Hadronic light-by-light scattering in the muon g-2: impact of proposed measurements of the (pi^0 -> gamma gamma) decay width and the (gamma^* gamma -> pi^0) transition form factor with the KLOE-2 experiment


Abstract in English

The calculation of the hadronic light-by-light scattering contribution to the muon g-2 currently relies entirely on models. Measurements of the form factors which describe the interactions of hadrons with photons can help to constrain the models and reduce the uncertainty in a_{mu}(had. LbyL) = (116 pm 40) x 10^{-11}. In the dominant pion-exchange contribution, the form factor F_{{pi^0}^*gamma^*gamma^*}((q_1 + q_2)^2, q_1^2, q_2^2) with an off-shell pion enters. In general, measurements of the transition form factor F(Q^2) = F_{{pi^0}^*gamma^*gamma^*}(m_{pi}^2, -Q^2, 0) are only sensitive to a subset of the model parameters.
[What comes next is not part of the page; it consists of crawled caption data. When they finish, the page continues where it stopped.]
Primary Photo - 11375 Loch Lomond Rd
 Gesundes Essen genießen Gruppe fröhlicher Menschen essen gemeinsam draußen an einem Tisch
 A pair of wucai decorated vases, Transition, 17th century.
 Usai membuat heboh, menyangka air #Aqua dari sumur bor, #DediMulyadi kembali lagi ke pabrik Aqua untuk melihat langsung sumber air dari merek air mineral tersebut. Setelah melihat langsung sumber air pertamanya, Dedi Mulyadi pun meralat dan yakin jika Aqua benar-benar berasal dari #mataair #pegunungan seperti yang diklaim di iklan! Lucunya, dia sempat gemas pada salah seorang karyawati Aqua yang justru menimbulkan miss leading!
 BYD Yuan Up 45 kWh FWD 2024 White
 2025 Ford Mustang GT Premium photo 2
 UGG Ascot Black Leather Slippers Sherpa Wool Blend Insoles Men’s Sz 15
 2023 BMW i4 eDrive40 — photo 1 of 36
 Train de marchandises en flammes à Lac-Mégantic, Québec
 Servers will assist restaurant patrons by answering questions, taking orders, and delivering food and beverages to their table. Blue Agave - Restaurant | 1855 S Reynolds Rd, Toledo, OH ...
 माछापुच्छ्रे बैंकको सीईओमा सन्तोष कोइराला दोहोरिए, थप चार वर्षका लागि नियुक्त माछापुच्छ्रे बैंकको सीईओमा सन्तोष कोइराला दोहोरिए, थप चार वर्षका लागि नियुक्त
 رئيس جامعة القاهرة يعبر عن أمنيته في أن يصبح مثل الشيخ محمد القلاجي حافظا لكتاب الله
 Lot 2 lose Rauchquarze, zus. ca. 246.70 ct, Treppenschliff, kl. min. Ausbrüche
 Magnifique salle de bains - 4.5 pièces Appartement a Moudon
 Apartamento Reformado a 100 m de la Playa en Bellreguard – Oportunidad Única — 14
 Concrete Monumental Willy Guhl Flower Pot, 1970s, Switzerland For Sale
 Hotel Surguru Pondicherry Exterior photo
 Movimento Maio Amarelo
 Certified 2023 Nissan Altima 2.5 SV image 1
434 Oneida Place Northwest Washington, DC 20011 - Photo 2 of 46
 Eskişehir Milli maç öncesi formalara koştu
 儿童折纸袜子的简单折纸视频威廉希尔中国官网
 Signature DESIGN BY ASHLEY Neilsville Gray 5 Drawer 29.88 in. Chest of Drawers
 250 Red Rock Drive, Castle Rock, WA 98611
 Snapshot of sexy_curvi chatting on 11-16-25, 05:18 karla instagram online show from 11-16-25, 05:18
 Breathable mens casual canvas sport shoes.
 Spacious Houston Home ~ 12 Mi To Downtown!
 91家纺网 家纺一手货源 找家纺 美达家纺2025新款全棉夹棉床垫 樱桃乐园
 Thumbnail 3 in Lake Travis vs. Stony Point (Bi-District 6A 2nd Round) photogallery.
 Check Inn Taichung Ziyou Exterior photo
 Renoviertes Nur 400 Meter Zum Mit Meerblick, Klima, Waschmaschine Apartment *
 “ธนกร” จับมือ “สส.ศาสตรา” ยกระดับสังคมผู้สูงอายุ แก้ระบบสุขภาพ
Thus, having a good description for F(Q^2) is only necessary, not sufficient, to determine a_{mu}(LbyL; pi^0). Simulations have shown that measurements at KLOE-2 should be able to determine the (pi^0 -> gamma gamma) decay width to 1% statistical precision and the transition form factor for small space-like momenta, 0.01 GeV^2 < Q^2 < 0.1 GeV^2, to 6% precision. In the two-loop integral for the pion-exchange contribution the relevant regions of momenta are in the range 0 - 1.5 GeV. With the (pi^0 -> gamma gamma) decay width from the PDG [PrimEx] and current data for the transition form factor, the error on a_{mu}(LbyL; pi^0) is (pm 4 x 10^{-11}) [pm 2 x 10^{-11}], not taking into account the uncertainty related to the off-shellness of the pion. Including the simulated KLOE-2 data reduces the error to (pm (0.7 - 1.1) x 10^{-11}). For models like VMD, which have only few parameters that are completely determined by measurements of F(Q^2), this represents the total error. But maybe such models are too simplistic. In other models, e.g. those based on large-N_c QCD, parameters describing the off-shell pion dominate the uncertainty in a_{mu; large-N_c}(LbyL; pi^0) = (72 pm 12) x 10^{-11}.